Originally Posted by ironaddict69
First off, what do you hang with. Second, yes, when the ache starts to actually hurt, and it starts to “annoy” you, you should lower weight say by 2.5 lbs, then 2.5 lbs again, and ride it all out.

I said like two posts ahead what I hang with, but it’s not conventional hanging, kaans got a thread about it. I think it targets the tunica along with the ligs too but if you get the technique right you’re not holding much of the weight with your hands which is why higher weights can be used. I have since lowered the weight to something I can handle though thanks.

But can anyone comment on my routine plans above? Don’t newbies hang for like 40minutes a day though? I think I should work my way up too that. (Two posts above this)

Yeah, I have never heard of belt hanging before. Good luck with that one.

I think the experts strongly advise against the belt hangers because they are like nooses which are highly condemned in PE.

The other guys are right - ride the fatigue, but lower your weights. What is your hanging method? Straight down?

Also, Bigger now recommends no rest days because when you rest, the tissue has the chance to heal in its retracted state. Even if you can only do 1 set on what you might call a rest day, do it. According to Bigger, hanging each day breaks up the adhesions that are forming as your unit heals and keeps it in a deformed state. I used to take 2-3 days off and have changed my routine to hanging 7 days a week. Saturday and Sunday are only an hour while M-F are 3 hours.

Originally Posted by Mr. Schlong
I think the experts strongly advise against the belt hangers because they are like nooses which are highly condemned in PE.

The other guys are right - ride the fatigue, but lower your weights. What is your hanging method? Straight down?
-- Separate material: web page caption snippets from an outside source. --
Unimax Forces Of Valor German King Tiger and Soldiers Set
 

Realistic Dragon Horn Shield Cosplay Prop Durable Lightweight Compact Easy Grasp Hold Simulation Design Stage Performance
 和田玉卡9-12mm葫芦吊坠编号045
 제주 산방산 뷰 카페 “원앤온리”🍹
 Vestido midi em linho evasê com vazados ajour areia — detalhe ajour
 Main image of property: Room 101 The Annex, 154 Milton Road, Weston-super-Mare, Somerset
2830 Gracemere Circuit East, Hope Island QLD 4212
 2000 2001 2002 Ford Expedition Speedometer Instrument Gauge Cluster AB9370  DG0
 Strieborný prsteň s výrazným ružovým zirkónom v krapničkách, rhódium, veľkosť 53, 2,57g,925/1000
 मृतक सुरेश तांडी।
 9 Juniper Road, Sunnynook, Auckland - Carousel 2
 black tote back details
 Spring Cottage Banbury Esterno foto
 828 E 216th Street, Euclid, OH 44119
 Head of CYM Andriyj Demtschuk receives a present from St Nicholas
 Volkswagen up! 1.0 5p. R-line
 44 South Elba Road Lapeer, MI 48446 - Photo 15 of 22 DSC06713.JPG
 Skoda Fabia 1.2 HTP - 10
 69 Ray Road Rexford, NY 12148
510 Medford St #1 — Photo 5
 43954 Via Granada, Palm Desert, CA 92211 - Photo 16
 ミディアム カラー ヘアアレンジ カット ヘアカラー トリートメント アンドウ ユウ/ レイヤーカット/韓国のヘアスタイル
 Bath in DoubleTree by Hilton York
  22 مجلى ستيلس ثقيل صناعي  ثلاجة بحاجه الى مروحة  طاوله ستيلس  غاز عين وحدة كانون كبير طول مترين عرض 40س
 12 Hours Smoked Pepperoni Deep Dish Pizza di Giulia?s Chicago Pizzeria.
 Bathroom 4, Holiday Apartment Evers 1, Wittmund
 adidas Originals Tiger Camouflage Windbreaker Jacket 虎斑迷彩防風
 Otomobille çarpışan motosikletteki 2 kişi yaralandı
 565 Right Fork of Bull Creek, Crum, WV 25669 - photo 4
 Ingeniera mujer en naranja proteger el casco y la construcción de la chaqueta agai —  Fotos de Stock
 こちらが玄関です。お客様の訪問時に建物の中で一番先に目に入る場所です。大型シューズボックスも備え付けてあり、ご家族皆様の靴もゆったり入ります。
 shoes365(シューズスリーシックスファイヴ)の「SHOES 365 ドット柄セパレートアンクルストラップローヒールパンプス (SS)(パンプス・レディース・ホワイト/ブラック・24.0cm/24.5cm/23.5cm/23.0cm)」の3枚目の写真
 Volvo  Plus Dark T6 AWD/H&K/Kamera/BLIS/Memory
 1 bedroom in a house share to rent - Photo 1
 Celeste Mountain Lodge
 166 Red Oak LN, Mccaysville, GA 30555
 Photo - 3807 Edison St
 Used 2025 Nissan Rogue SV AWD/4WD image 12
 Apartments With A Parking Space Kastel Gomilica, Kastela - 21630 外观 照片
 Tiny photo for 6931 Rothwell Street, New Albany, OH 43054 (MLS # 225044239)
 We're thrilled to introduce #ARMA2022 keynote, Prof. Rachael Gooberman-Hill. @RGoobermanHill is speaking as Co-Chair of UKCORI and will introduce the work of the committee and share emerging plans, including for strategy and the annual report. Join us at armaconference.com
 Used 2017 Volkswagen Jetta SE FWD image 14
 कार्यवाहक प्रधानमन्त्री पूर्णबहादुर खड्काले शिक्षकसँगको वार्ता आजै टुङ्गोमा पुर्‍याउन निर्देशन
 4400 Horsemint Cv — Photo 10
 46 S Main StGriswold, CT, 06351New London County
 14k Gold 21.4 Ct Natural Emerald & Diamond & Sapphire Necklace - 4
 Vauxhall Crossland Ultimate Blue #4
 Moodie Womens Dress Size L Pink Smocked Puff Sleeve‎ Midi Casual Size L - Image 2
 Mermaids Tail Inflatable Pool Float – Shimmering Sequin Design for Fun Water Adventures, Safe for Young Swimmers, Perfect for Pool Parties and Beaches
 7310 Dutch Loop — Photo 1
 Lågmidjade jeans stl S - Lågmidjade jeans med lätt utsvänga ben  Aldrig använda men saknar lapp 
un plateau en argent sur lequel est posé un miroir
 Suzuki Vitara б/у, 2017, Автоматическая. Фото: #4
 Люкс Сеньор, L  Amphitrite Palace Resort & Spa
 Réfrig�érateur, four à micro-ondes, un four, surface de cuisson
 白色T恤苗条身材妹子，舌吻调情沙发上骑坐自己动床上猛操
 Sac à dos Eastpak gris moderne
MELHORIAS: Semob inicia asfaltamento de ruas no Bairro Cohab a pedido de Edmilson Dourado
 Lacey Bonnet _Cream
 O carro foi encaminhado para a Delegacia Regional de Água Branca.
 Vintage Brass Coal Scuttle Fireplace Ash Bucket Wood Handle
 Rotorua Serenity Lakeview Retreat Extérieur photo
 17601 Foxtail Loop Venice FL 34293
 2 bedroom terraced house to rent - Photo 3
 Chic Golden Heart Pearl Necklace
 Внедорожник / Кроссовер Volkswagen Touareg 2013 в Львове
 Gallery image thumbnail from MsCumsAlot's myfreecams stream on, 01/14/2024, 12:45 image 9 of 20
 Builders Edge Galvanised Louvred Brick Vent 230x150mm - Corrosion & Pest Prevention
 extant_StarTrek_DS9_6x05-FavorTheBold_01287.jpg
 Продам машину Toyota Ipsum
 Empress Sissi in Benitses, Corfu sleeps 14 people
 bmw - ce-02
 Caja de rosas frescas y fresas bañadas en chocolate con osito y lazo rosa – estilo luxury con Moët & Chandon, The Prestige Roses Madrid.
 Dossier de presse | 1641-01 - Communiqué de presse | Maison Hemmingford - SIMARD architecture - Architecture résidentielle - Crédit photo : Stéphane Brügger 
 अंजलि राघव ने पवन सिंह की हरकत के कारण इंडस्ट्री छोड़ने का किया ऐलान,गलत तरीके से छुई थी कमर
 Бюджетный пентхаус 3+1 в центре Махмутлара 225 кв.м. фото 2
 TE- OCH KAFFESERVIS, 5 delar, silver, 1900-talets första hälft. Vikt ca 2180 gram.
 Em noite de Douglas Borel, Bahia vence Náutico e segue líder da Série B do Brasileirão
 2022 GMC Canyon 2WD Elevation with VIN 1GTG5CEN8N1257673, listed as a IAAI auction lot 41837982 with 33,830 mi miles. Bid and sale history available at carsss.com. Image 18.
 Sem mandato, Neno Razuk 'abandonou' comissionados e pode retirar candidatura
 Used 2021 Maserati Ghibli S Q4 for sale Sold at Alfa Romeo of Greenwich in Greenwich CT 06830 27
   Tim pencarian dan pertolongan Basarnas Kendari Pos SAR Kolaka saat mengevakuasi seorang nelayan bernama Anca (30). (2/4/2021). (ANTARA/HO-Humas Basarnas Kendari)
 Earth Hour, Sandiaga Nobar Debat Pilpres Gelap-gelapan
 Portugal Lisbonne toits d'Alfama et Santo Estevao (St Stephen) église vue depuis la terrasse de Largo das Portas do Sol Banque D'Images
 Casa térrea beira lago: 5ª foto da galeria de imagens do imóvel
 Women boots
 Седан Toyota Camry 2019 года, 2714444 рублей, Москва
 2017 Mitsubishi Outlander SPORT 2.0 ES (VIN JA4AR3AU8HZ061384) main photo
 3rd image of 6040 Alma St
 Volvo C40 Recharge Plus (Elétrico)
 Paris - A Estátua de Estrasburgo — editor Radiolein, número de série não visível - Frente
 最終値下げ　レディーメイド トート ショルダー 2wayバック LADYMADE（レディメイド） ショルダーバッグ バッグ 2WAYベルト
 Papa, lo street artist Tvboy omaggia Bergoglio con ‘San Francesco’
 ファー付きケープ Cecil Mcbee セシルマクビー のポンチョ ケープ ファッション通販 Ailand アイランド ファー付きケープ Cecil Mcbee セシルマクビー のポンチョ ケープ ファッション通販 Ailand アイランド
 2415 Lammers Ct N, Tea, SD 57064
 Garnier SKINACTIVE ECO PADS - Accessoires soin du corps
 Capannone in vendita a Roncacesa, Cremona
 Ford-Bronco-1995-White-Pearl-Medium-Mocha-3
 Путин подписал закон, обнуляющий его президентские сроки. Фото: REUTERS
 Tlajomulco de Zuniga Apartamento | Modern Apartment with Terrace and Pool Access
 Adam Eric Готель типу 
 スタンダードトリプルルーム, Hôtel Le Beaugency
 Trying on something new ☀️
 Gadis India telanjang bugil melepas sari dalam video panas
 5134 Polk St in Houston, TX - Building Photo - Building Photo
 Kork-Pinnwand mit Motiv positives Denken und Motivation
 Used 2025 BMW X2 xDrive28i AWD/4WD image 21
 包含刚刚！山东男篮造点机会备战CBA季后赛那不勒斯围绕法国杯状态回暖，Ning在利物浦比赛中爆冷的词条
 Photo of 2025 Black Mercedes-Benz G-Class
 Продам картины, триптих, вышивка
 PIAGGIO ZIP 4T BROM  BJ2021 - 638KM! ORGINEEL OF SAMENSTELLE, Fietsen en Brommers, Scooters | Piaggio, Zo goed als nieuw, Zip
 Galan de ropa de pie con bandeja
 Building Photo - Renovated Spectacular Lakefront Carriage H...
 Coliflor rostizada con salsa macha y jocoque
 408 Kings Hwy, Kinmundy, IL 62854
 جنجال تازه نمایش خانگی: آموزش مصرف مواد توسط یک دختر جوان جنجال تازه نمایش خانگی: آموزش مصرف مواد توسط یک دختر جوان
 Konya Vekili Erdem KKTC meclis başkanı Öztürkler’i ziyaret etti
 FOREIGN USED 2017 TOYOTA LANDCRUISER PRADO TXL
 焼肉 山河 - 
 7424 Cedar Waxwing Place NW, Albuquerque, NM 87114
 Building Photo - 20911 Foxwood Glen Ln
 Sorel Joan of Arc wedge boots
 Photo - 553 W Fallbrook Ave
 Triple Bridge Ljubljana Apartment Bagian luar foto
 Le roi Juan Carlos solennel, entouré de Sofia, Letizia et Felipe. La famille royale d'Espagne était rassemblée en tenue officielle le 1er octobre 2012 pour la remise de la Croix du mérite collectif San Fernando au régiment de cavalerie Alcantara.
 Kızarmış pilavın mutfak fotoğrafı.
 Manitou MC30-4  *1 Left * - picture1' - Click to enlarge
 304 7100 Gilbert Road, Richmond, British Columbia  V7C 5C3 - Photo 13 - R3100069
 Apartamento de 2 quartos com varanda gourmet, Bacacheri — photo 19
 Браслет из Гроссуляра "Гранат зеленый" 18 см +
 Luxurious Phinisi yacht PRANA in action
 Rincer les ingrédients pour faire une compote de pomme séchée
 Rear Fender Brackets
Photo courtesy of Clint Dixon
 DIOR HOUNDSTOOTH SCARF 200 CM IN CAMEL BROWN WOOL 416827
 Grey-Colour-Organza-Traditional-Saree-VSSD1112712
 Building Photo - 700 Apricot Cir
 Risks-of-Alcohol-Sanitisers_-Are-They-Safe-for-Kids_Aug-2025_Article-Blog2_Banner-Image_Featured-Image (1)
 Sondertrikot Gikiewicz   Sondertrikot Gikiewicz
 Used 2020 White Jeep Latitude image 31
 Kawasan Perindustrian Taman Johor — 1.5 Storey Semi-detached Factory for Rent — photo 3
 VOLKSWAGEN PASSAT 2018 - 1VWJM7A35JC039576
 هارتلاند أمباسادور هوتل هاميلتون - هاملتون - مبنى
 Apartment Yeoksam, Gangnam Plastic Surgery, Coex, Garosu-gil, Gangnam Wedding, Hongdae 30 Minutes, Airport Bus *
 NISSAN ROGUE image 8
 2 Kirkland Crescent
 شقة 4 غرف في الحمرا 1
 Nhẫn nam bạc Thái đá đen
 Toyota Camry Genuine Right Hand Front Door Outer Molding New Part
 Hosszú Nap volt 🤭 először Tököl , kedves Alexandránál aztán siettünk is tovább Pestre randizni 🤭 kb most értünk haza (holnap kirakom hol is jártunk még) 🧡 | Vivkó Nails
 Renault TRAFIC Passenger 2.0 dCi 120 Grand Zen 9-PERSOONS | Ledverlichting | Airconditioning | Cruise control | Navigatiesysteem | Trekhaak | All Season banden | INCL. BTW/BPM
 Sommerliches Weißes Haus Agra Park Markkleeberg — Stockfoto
Also, Bigger now recommends no rest days because when you rest, the tissue has the chance to heal in it’s retracted state. Even if you can only do 1 set on what you might call a rest day, do it. According to Bigger, hanging each day breaks up the adhesions that are forming as your unit heals and keeps it in a deformed state. I used to take 2-3 days off and have changed my routine to hanging 7 days a week. Saturday and Sunday are only an hour while M-F are 3 hours.

It’s strange how with manual exercises you can gain plenty of length with only like 15mins a day and still take days off in a week. Yet when you switch to hanging, you not only use more weight than manual exercises but you end up doing it for hours a day and now no rest days? Oh well I was going to make this my first of two rest days, guess I’ll do some light hanging since I’ve heard hanging 7days a week is a good idea before too.

Oh and it’s not a noose type method, read kaans thread. But yes it stretches the ligaments straight down and the tunica in the middle. I do 40minutes a day.

Cool, just looking out for you! As far as rest days go, I think if you use an ADS on your off day you’ll be good. I took my rest days and still gained, but I’m going to follow Bigger’s advice. I like to hang anyway - it feels good!